How Brand Enters the Valuation Model
In a DCF or comparable-multiples model, the investor is solving for two things: how big can this get, and how confidently can they price the path to get there. The first question is product and market. The second is increasingly brand.
Three places where brand shows up directly in the model.
Pricing power. A brand that customers choose at parity pricing supports the gross margin assumption. No brand means the model defaults to price competition. Price competition compresses margins in years three through seven, which is exactly where DCF value concentrates.
Customer acquisition cost. Organic search volume, branded direct traffic, and referral velocity show up as a lower blended CAC. Lower CAC produces a better LTV-to-CAC ratio. That ratio sits in nearly every term sheet conversation past Series A.
Defensibility against entry. Investors discount businesses where the next well-funded competitor can take the market on budget alone. A brand that customers actively identify with raises the cost of taking that market. In the model, this shows up as a longer runway of premium-margin years.
Founders who do not address these three lines in the pitch leave the investor to fill them in with worst-case assumptions. Worst-case assumptions are what the discount rate is for. There is also a softer layer, often the one that moves the deal. When the investment committee debates the term sheet, the brand is the proxy for whether this founder has a thesis or just a product. A thesis can be defended in the boardroom three years from now. A product cannot.
Dat Bike: a Brand That Raised the Cost of Entry
Before Dat Bike, the Vietnamese electric motorbike market split into two flat categories. Low-cost imports from China competed on price and lost on reliability. Traditional scooter makers extended their existing lines into electric without changing the proposition. The category was a commodity in waiting.
Dat Bike’s strategic decision was to refuse both lanes. They built around three claims that were specific enough to defend: a powertrain engineered in Vietnam, performance specs comparable to a 150cc combustion bike, and a price point under VND 50 million. The brand carried those claims into a position that did not yet exist in the market: a high-performance electric motorbike built in Vietnam for Vietnamese roads.

Jungle Ventures led the funding rounds. By Series B, Dat Bike had raised USD 22 million. The investment thesis was readable: this is a category that will form, and Dat Bike has positioned itself as the brand that defines the upper end. Competitors entering later could match the spec sheet. They could not move into the position Dat Bike had taken.
That is what defensibility looks like in a valuation model. The premium is not for the engineering. It is for the fact that copying the engineering does not give the copier the brand position that came with it.
Amanotes: A Brand That Made the Category Bigger
Amanotes operates in a category that investors typically price conservatively. Mobile games have short product cycles, replicable mechanics, and a CAC structure that scales linearly with marketing spend. A studio with one hit and a portfolio of clones trades at a low multiple, even with strong revenue.

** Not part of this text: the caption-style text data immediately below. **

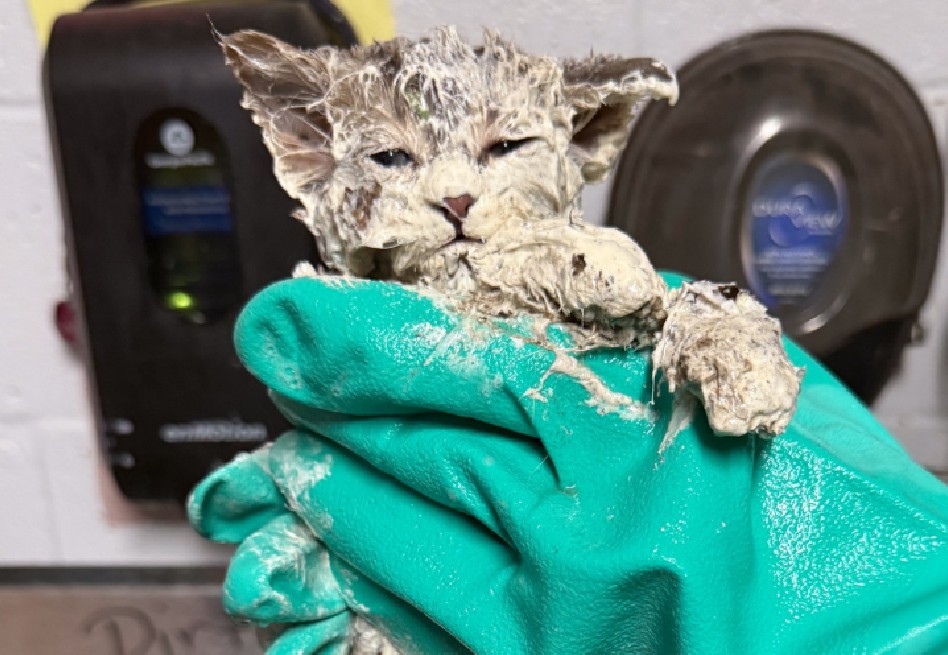 Gato sobrevivió luego de ser encontrado cubierto de pegamento industrial: así se lo quitaron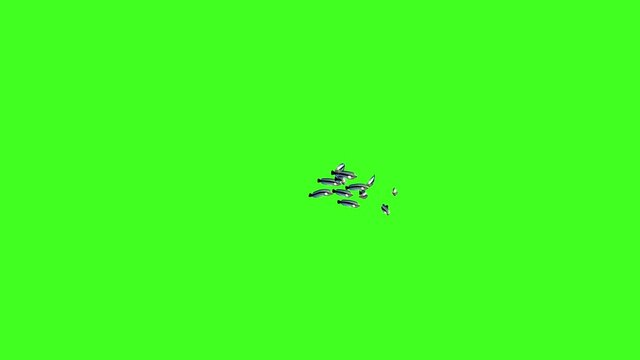 Fish Animation, Fish Swim Green Screen Video, 3D Animation, Underwater, Single and Group, Small fish group swimming, silverfish, realistic fish animation, green screen, Chroma, Isolated School of Fish
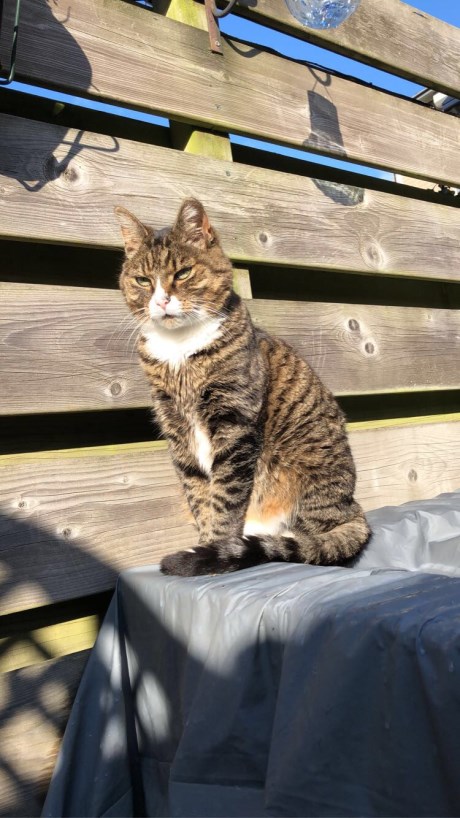 Kat Europese korthaar of huiskat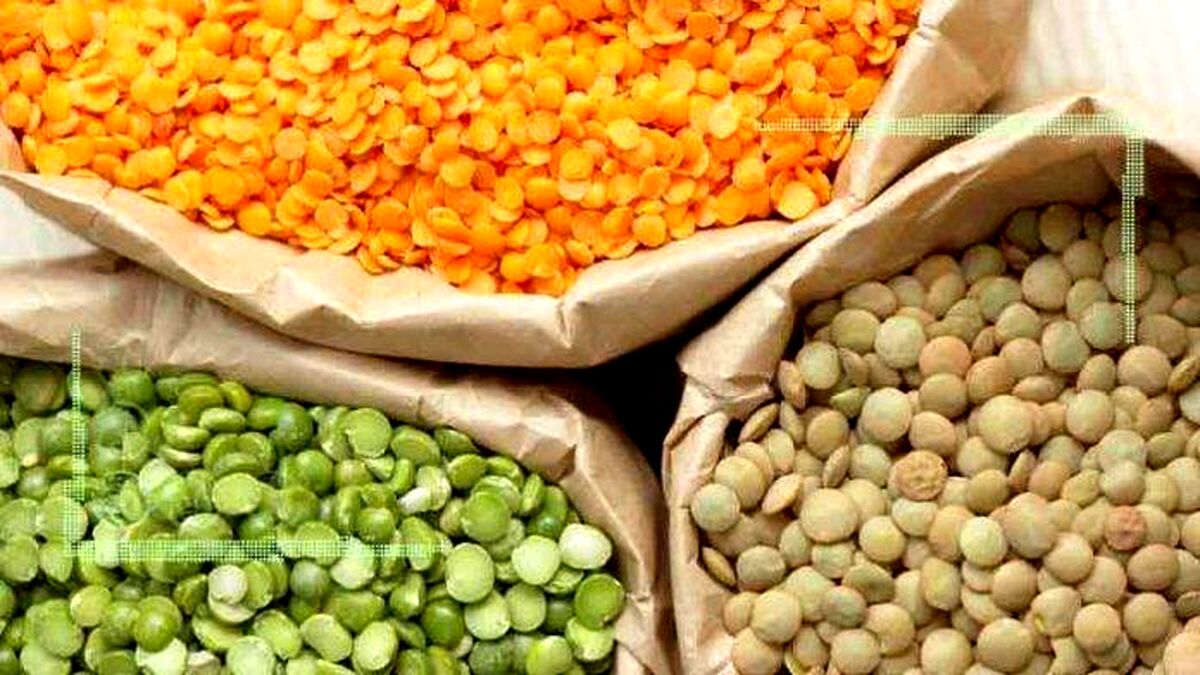 خشکسالی واردات حبوبات را افزایش داد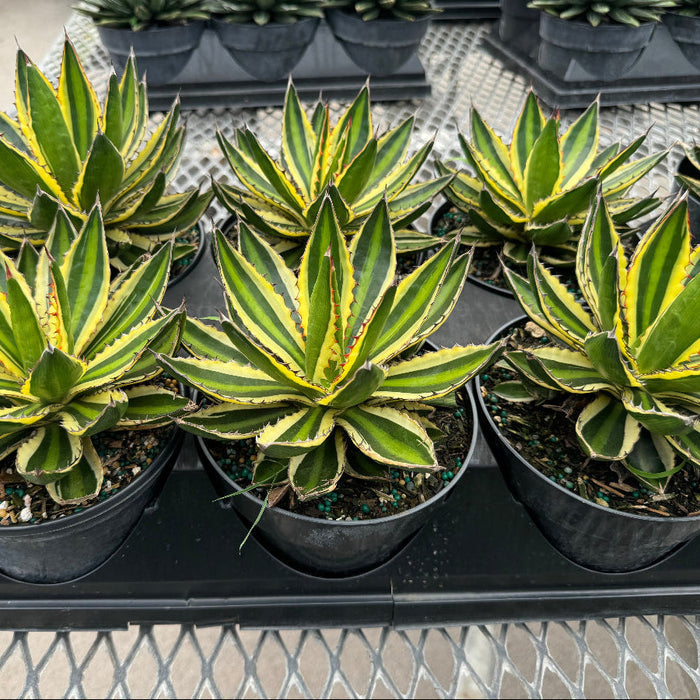 Agave lophantha 'Quadricolor', Green-Yellow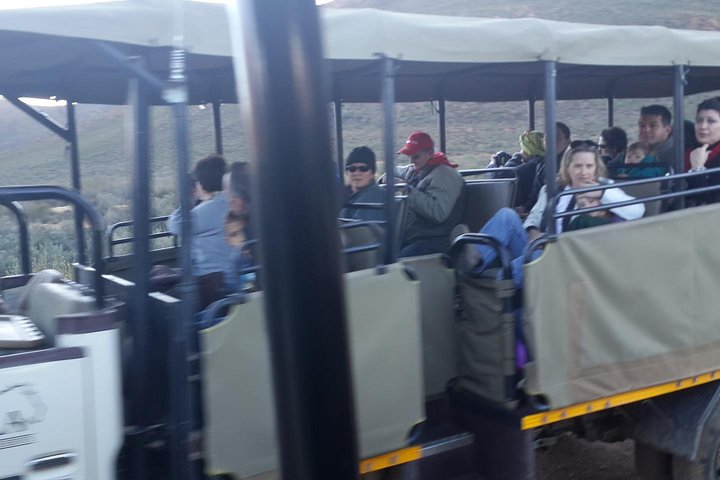 Aquila Wildlife Safari Tour - Image 2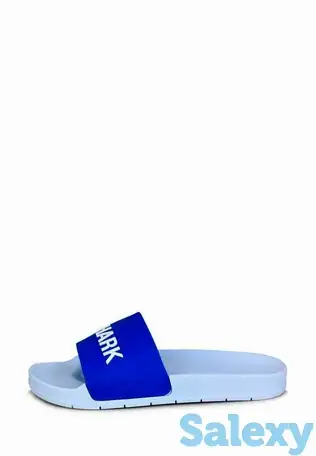 Сланцы t.taccardi, фотография 1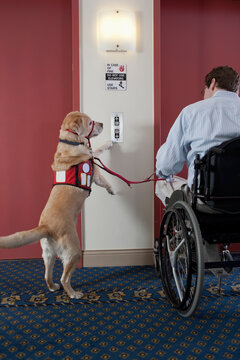 Service dog pushing button for elevator with a man in a wheelchair with a Spinal Cord Injury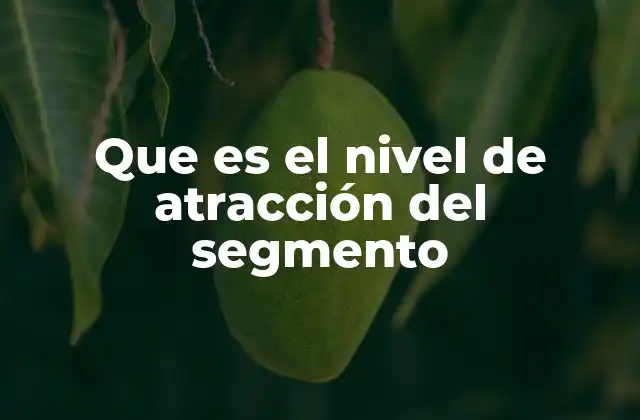 Que es el Nivel de Atracción Del Segmento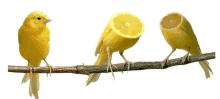 a yellow bird with a lemon slice on its head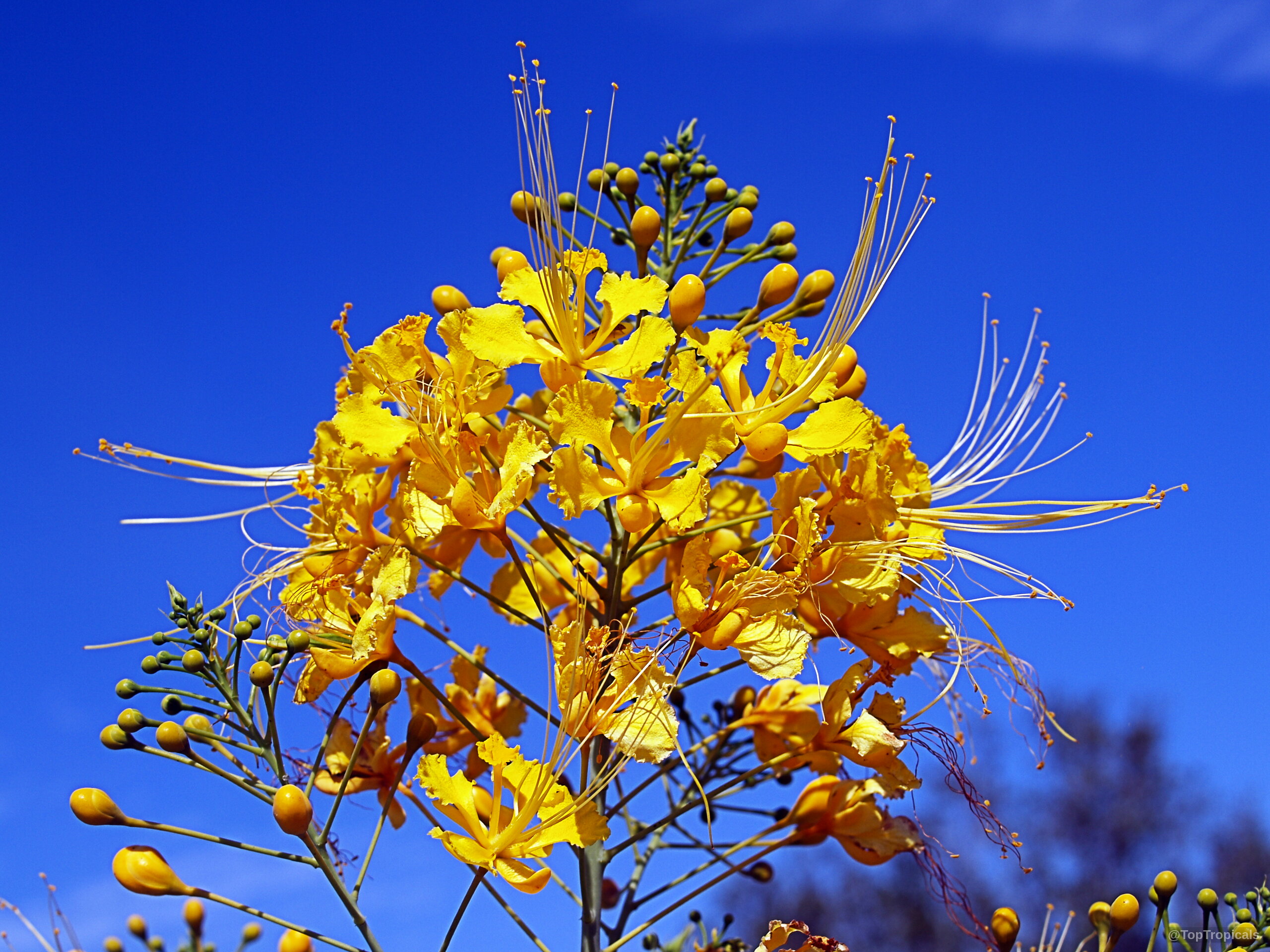 Caesalpinia pulcherrima (Yellow Peacock Flower) 'Lutea' cluster with distinct long stamens and many small buds. Caesalpinia pulcherrima (Yellow Peacock Flower) 'Lutea' yellow flower cluster close up against blue sky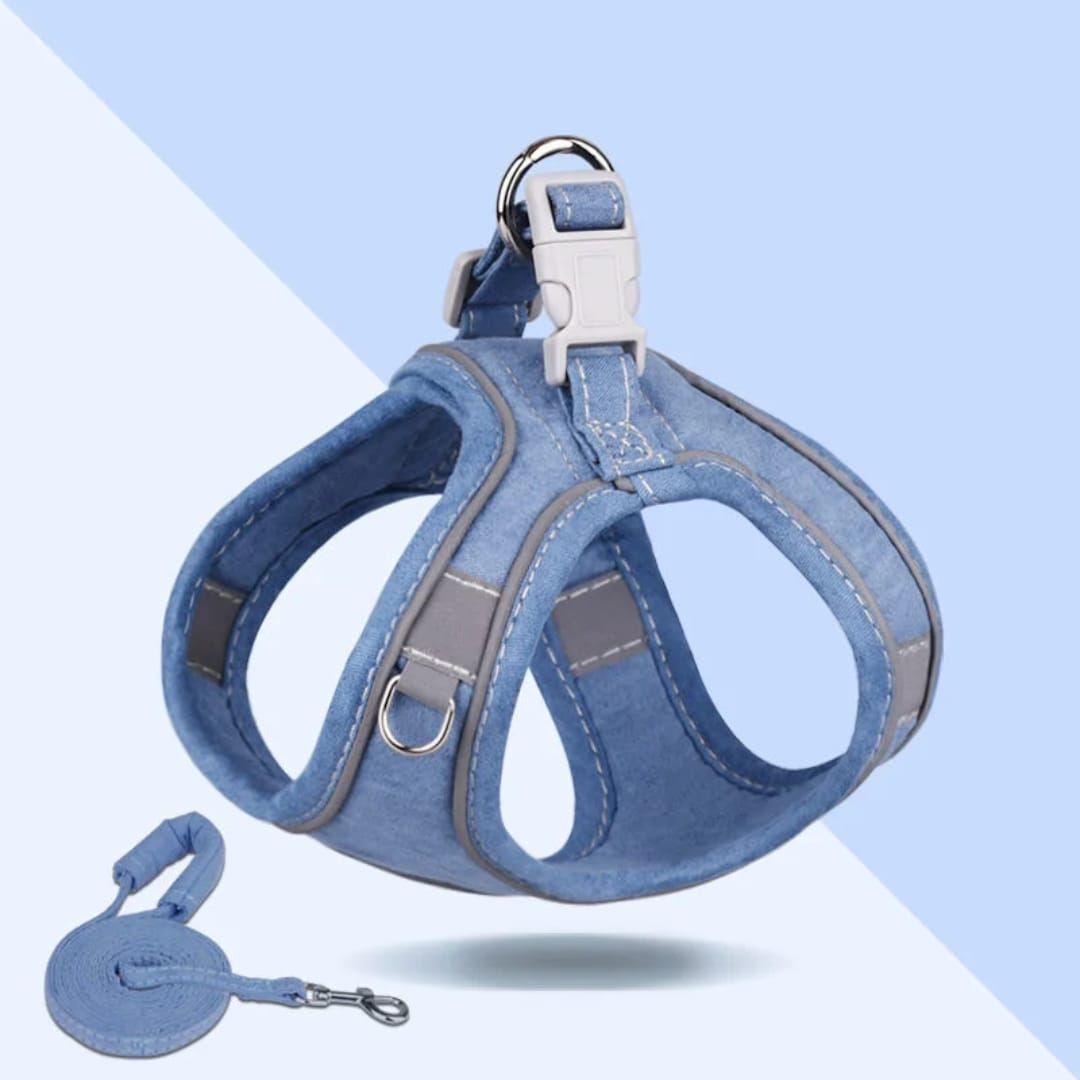 WalkZip Pet Harness Leach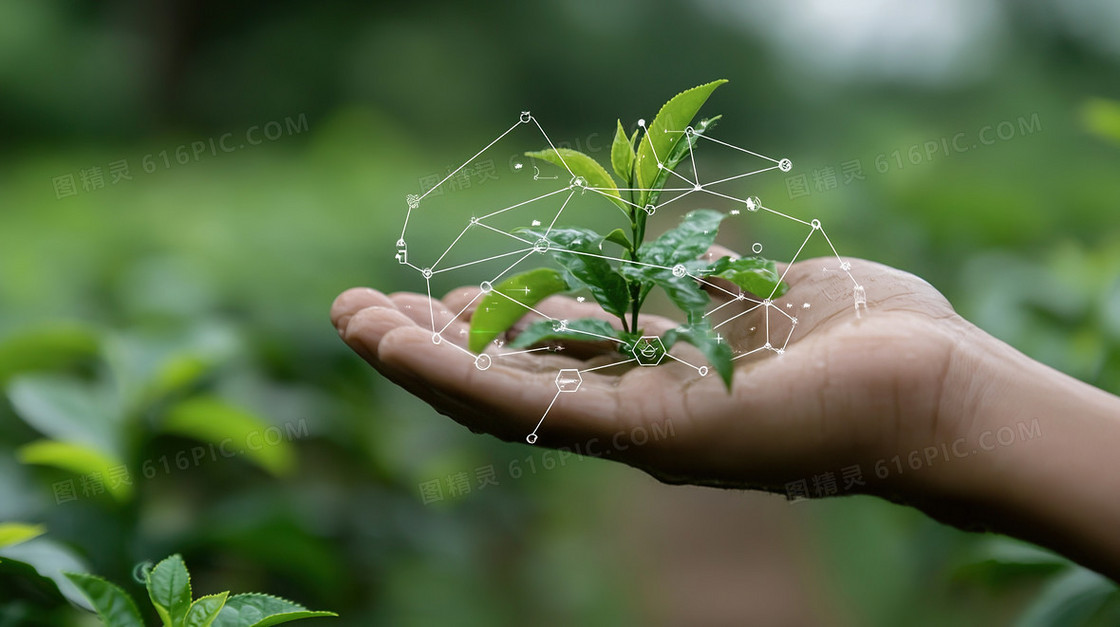 种植智慧农业三农农产品合成背景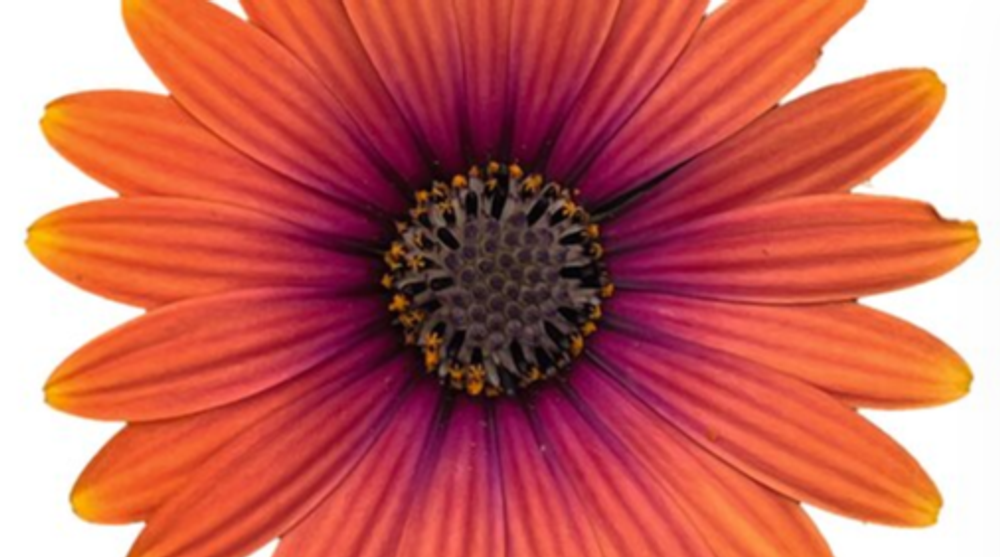 Остеоспермум Flower Power Purple Sun ЕВРО ОКС укорененный черенок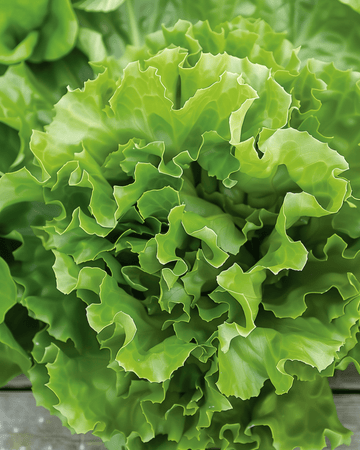 Endivie Batavian Green 2-frø (Cichorium endivia) – etårig grøntsag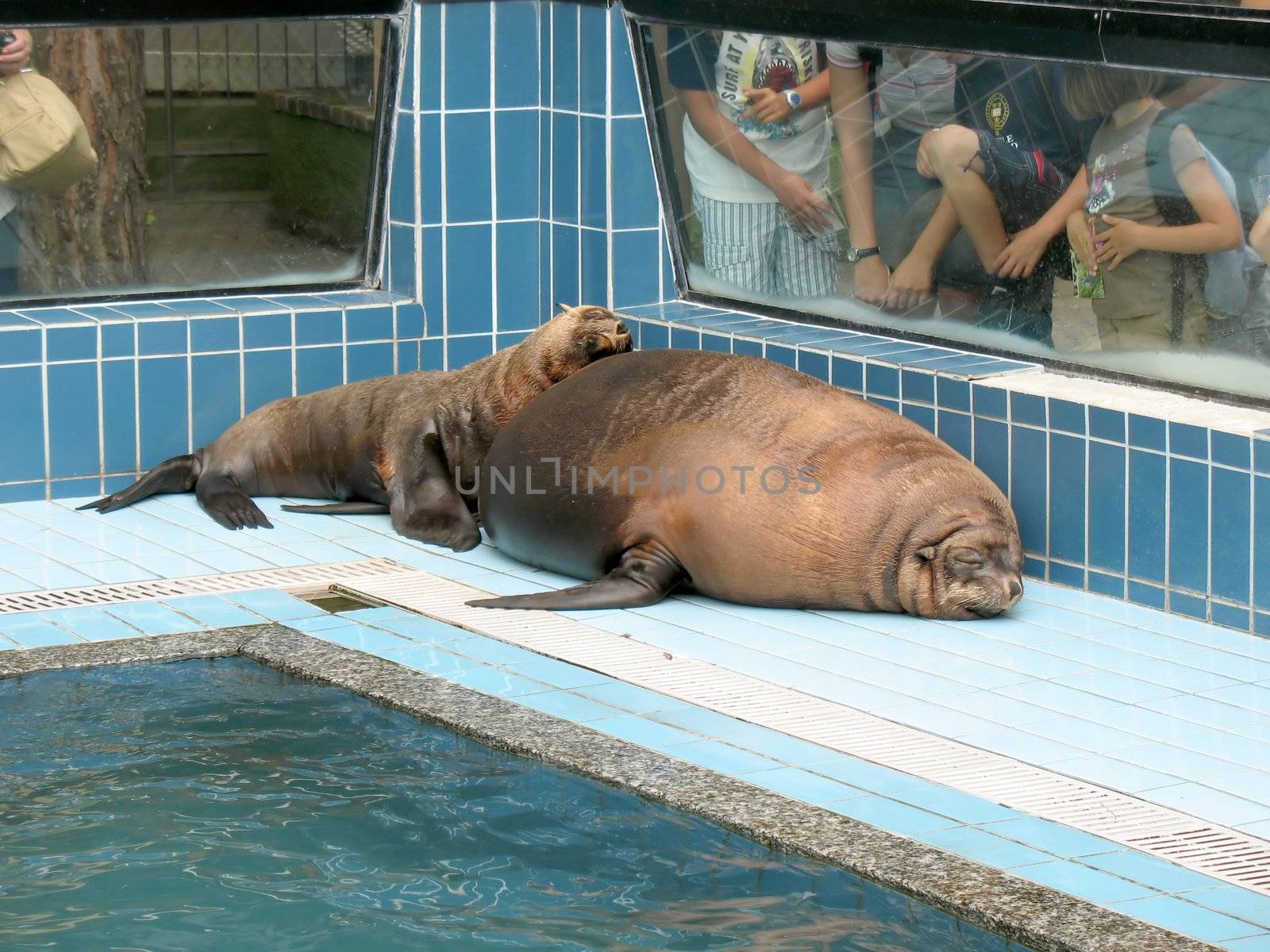 Sea-lions that sunbathe on the edge of the tub in an animal park with visitors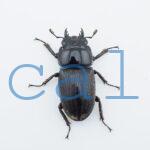 Dorcus curvidens curvidens1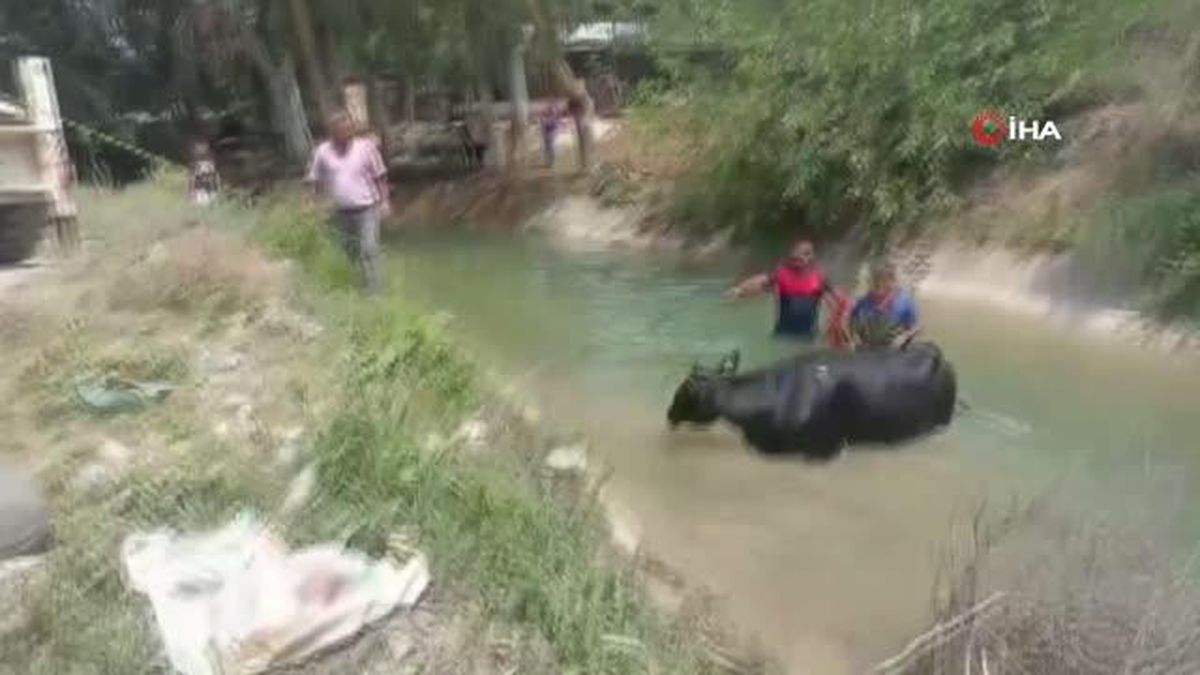 Sulama kanalına düşen ineğin yardımına itfaiye yetişti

Amanotes did not pitch as a game studio. They pitched as a music technology company whose product surface happened to be games. The distinction is not cosmetic. A music technology company owns a behavioral dataset across titles, a unified user identity, and a category narrative that lets every new release inherit reach from the one before it.

The reported three billion downloads across the Amanotes catalog, per Sensor Tower, is impressive on its own. The more relevant figure for valuation is the cross-title retention the brand-led structure produces. Every new release lowers blended CAC for the next one. The LTV-to-CAC ratio improves with each title rather than degrading. A business with that economic profile is not priced as a studio. It is priced as a platform. That repricing is the work of the brand, not the engineering.
What to Build Before the Round
The founders who get this right are not the ones who hire a brand agency two months before the deck goes out. They are the ones who treat positioning as a corporate finance asset from the seed stage, and let it compound.
Three pieces of work sit inside that approach.
A defendable positioning statement, written before the design brief. The positioning has to survive a hostile question from an investment committee, not just look good on the homepage. If the positioning is a sentence about quality and customer focus, it is not positioning. It is filler.
A message house that the sales team, the website, and the founder pitch use without contradicting each other. Investors notice contradictions because their due diligence calls catch them. The story on the deck does not match what the head of sales says on a reference call. That gap is a markdown.
A brand architecture that names the parent brand, the products, and the relationship between them. If the company runs three product lines and the architecture is unclear, the investor models each product as standalone. Standalone models compound risk. A clear architecture lets the investor model the portfolio as a system, with cross-product economics priced in.
None of this requires a Series A budget. It requires the discipline to make the strategy decisions before the visual decisions, and to write them down in a form the next round of investors can read. The brand is sitting inside the valuation model whether the founder built it deliberately or not. The only question is whether it is helping or hurting the number.